As Congress squabbles over ending the federal government shutdown, Jim Gross, the superintendent of Selfridge Public School District #8 in North Dakota, looks on in skepticism.
He grew up on Standing Rock Indian Reservation, where he was adopted by the local Sioux tribe, and moved back there 21 years ago because he wanted to "do good things for the Native kids." But the weak economy, which drove the reservation into an ever-deepening state of poverty, and the federal sequestration cuts and 16-day-old government shutdown, are making it hard for him to do his job.
"Back then, politics was people getting together, something would come out about it if you sit down," he said. "Both sides have gotten so far to the extreme, the radical stage. Our families say, well, okay, here's the government again. They're not doing anything again."
Schools that serve students who live on Native American reservations and military bases generally don't have the same level of property taxes that fund most public schools, so they get a special federal funding stream known as Impact Aid. The aid is not provided in advance, as is most federal education aid, so schools that receive it were among the first to feel the blows of sequestration cuts. As the new fiscal year began in October, these schools also saw a reduction in other federal program appropriations because of the sequester.
And now, the government shutdown has left them in a cloud of financial uncertainty. The Senate reached an agreement to end the shutdown on Wednesday morning, but if it doesn't pass, some schools could run out of the money they need to operate.
Gross said he has frozen most updates that were scheduled for old school buildings in his district and cut back on professional development training for teachers. With 26 employees for the district's 100 students, he said he couldn't cut any teachers in good conscience. "There's no place for us to cut and still teach the classes we need," he said. "That's what really bothers me."
Traditionally, districts like Selfridge ask the federal government to dispense Impact Aid early to help them make payroll. This year, several districts -- including Shannon County School District #65-1 in South Dakota, Nepselem School District #14 in Washington, Central Kitsap School District in Washington and Sierra Sands Unified School District in California -- made that request.
But none of them have heard back. According to Cameron French, a spokesman for U.S. Secretary of Education Arne Duncan, the federal Education Department cannot process these requests during the shutdown.
Gross sent his letter in October. "Ever since the shutdown, we've gotten nothing," he said. "We depend on that money out here.

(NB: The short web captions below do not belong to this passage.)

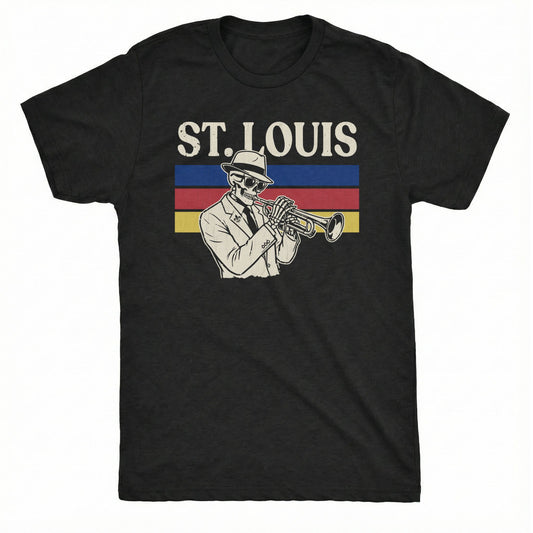Cool St. Louis Tee | Classic Tee Black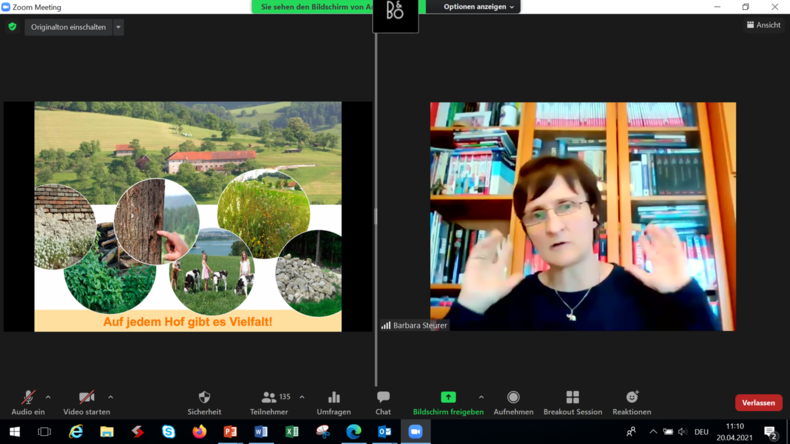 Bundes-Bezirksbäuerinnenseminar 2021 © ARGE Österreichischer Bäuerinnen Bundes-Bezirksbäuerinnenseminar 2021 © ARGE Österreichischer Bäuerinnen
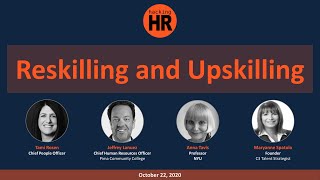 Reskilling and Upskilling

What really concerns me is they're looking at the two most vulnerable groups of kids: our Native kids, and our military kids. They get hit the hardest."
He said his district has so far lost $100,000 due to sequestration -- that's about $1,000 per student. Those cuts are somewhat offset by funding from the state of North Dakota, flush of late with oil money. But the effects of cuts pile up, and the district's reserve funds could only sustain the district for four or five months. "Families see this and say, 'They're not working for us,'" he said, referring to the government.

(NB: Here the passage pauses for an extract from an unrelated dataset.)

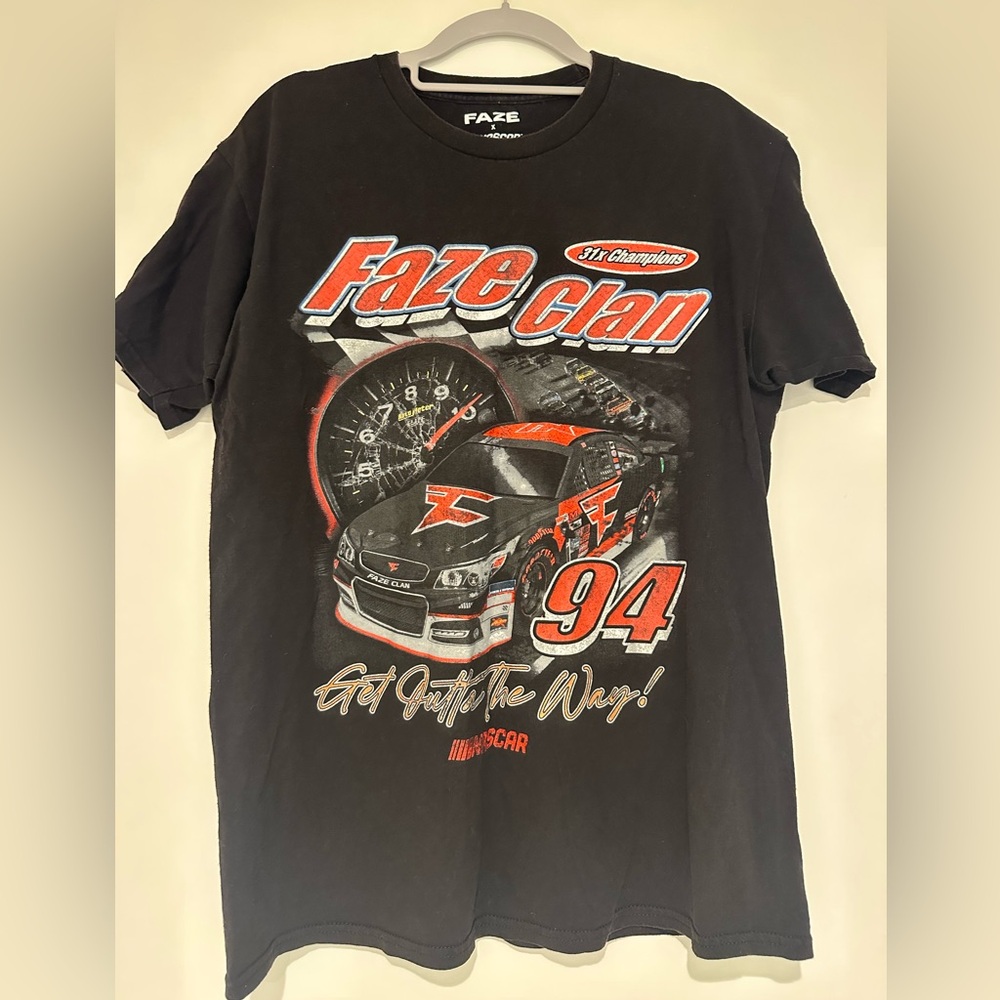Faze x Nascar Men’s Tee Shirt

Out of a sample of 45 schools that receive Impact Aid, 31 have cut positions, eight have cut professional development, 10 have reduced transportation, and 12 anticipate closing programs, according to a survey conducted by the National Association of Federally Impacted Schools about the 2013-14 academic year.
South Dakota's Shannon County, which has 1,500 students, sent the feds an early funding request twice -- once in September, then once in October, said Coy Sasse, the district's business manager. "Not getting that funding would exacerbate any kinds of cash flow issues that we have," he said. Impact Aid pays for 30 to 35 percent of the district's budget. So far, the district has cut back on construction projects, programs, staff and travel.
"Any time you have uncertainty at that federal level with an organization that relies too heavily on federal funding, it makes it difficult to plan," Sasse said. "We're potentially not seeing our Impact Aid money for four to six more months, if at all -- that's a huge issue for us. We do have some cash reserves but not enough to sustain us for a lengthy period of time. At that point when the cash reserve runs out, we'd have to start continuing to go through that budget reduction process until we couldn't do that anymore."
David McVicker, the assistant superintendent for Central Kitsap School District in Washington, also sent an advanced funding request in September, and said he didn't hear back. The district serves the Kitsap Navy Base and has 10,000 students, about half of whom are connected to the military. It had already reduced its budget by $15 million before sequestration because of the recession. The district currently has a balance of $6 million, but McVicker said it's expected to be under $2 million in January.
McVicker has worked in the district for 27 years. He said he's saddened to see financial troubles affect schools' ability to educate students: class sizes have crept up, and he has lost more 40 teaching positions out of 600.
"We're just looking at a slow death if this continues," he said.